The fact that these locations are frequently described in religious terms is no coincidence: the Southbank skate-park may not hold quite the same cultural importance as the real Mecca, but this comparison gives some indication as to how skaters feel about it. The comments added by those signing the petition are littered with references to the Southbank as a “temple” or a “shrine to UK skateboarding”, as well as stories of what are effectively pilgrimages from all over the world to experience the aura of the under-croft.
The most unusual facet of the ‘temples’ of skateboarding though, is that they frequently begin life as leftover urban spaces; skating is one of only a handful of cultures that forms such strong, quasi-religious attachments to discovered rather than purpose-built spaces. A large part of skating culture is the ethos of creative adaptation: skaters have to adapt their tricks and ‘lines’ to the space. If the opposite is true, and the space is designed to suit certain tricks and lines, it can sometimes feel like the challenge is missing. This is supported by Andrew Norton’s statement on the 99% Invisible show that “part of me thinks these designated places to skateboard kind of miss the point.
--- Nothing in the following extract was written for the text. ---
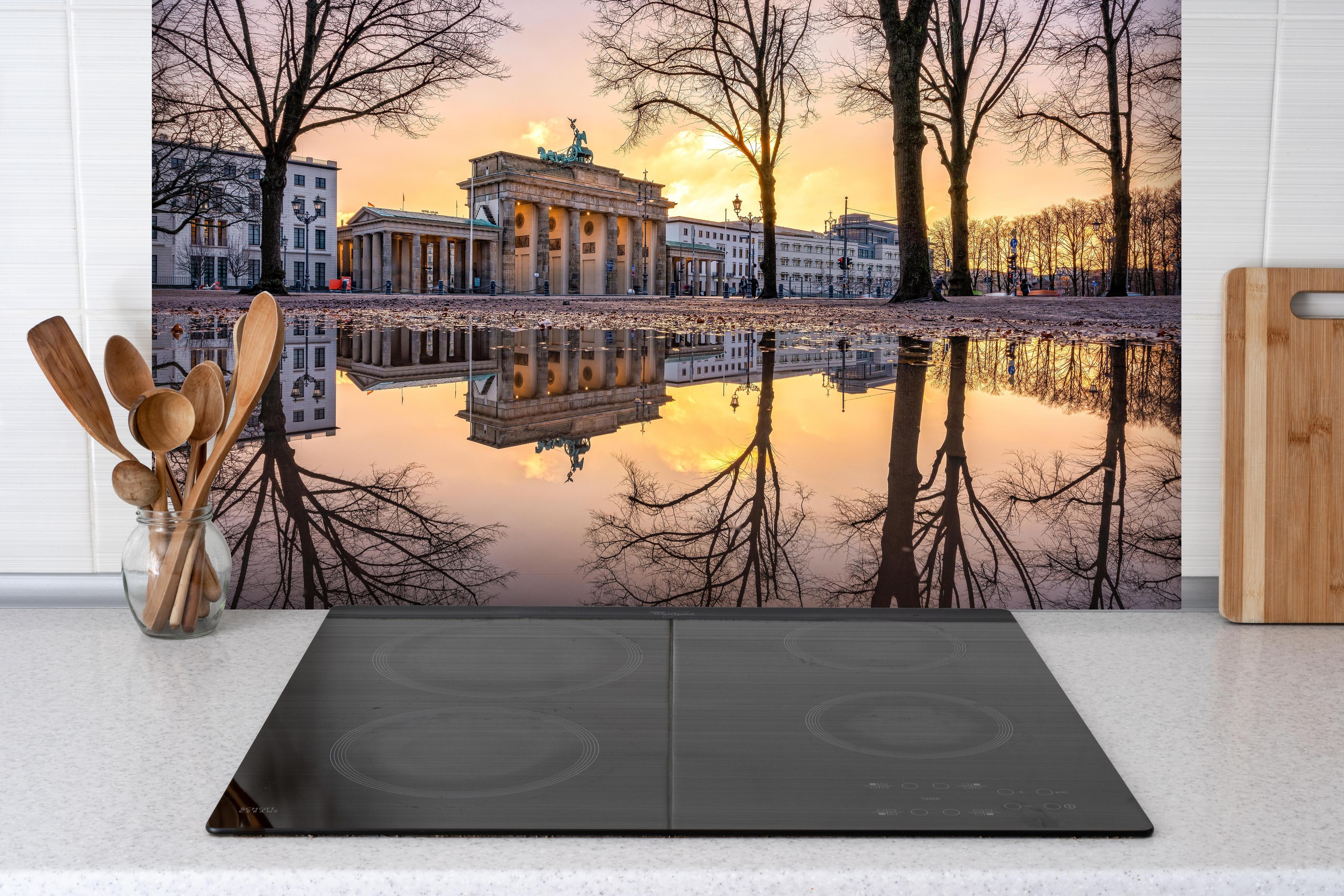 Spritzschutz - Brandenburger Tor im Winter hinter einem Cerankochfeld zwischen Holz-Kochutensilien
It’s like running a marathon on a treadmill.”
Clearly this is not simply a case of finding an empty space for skaters to inhabit on the southern bank of the Thames. For skating culture, the Queen Elizabeth Hall under-croft would take many years to replace, and success in the new location is by no means guaranteed in the first place.
To their credit, the people behind the new Southbank Centre are not ogres who wish to be rid of the skateboarders entirely. They have offered a space as close as possible, and in a strange way seem to have some understanding of what makes the under-croft special: a statement lauds the fact that the new location is “a found, urban space, not purpose built” (whether an ‘officially approved found space’ would satisfy the needs of skaters is, as far as I am aware, an issue without precedent). But this does not mean that they are able to satisfy all the needs of the skating community.
To achieve the goal of both redeveloping the Southbank Centre and protecting skaters’ rights, the solution cannot be to move the skaters. Rather, the design needs to be adjusted so that the under-croft is no longer “pivotal” to the success of the scheme. After all, is it easier to alter an as-yet-unrealized design, or to manipulate decades of social and cultural history?